▸ TASK STATEMENT: Could you retype exactly the line containing "Bild des Verk�ufers" and every line after it in the data below, leaving out the pictures?

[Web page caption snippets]
*****

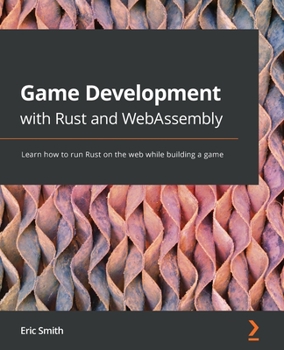 Paperback Game Development with Rust and WebAssembly: Learn how to run Rust on the web while building a game Book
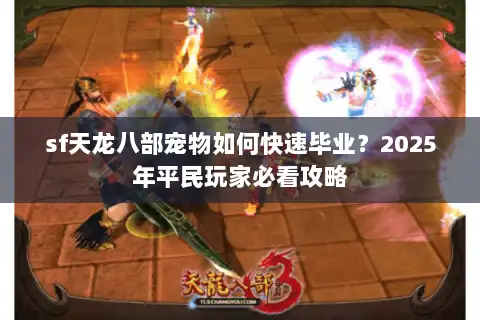 sf天龙八部宠物如何快速毕业?2025年平民玩家必看攻略 sf天龙八部宠物如何快速毕业?2025年平民玩家必看攻略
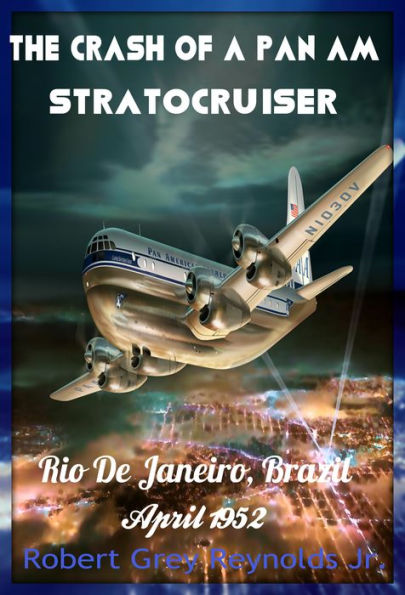 The Crash Of A Pan Am Stratocruiser Rio De Janeiro, Brazil April 1952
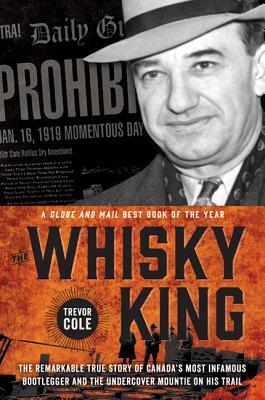 The Whisky King: The Remarkable True Story of Canada's Most Infamous Bootlegger and the Undercover Mountie on His Trail by Trevor Cole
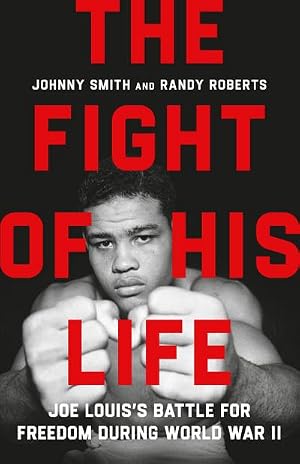 Bild des Verk�ufers f�r The Fight of His Life : Joe Louis's Battle for Freedom During World War II zum Verkauf von AHA-BUCH GmbH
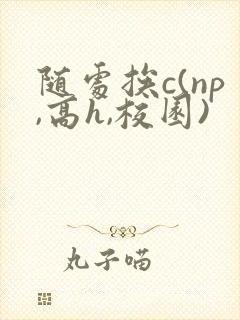 随处挨c(np,高h,校园)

*****

▸ WRITTEN ANSWER:
 Bild des Verk�ufers f�r The Fight of His Life : Joe Louis's Battle for Freedom During World War II zum Verkauf von AHA-BUCH GmbH
 随处挨c(np,高h,校园)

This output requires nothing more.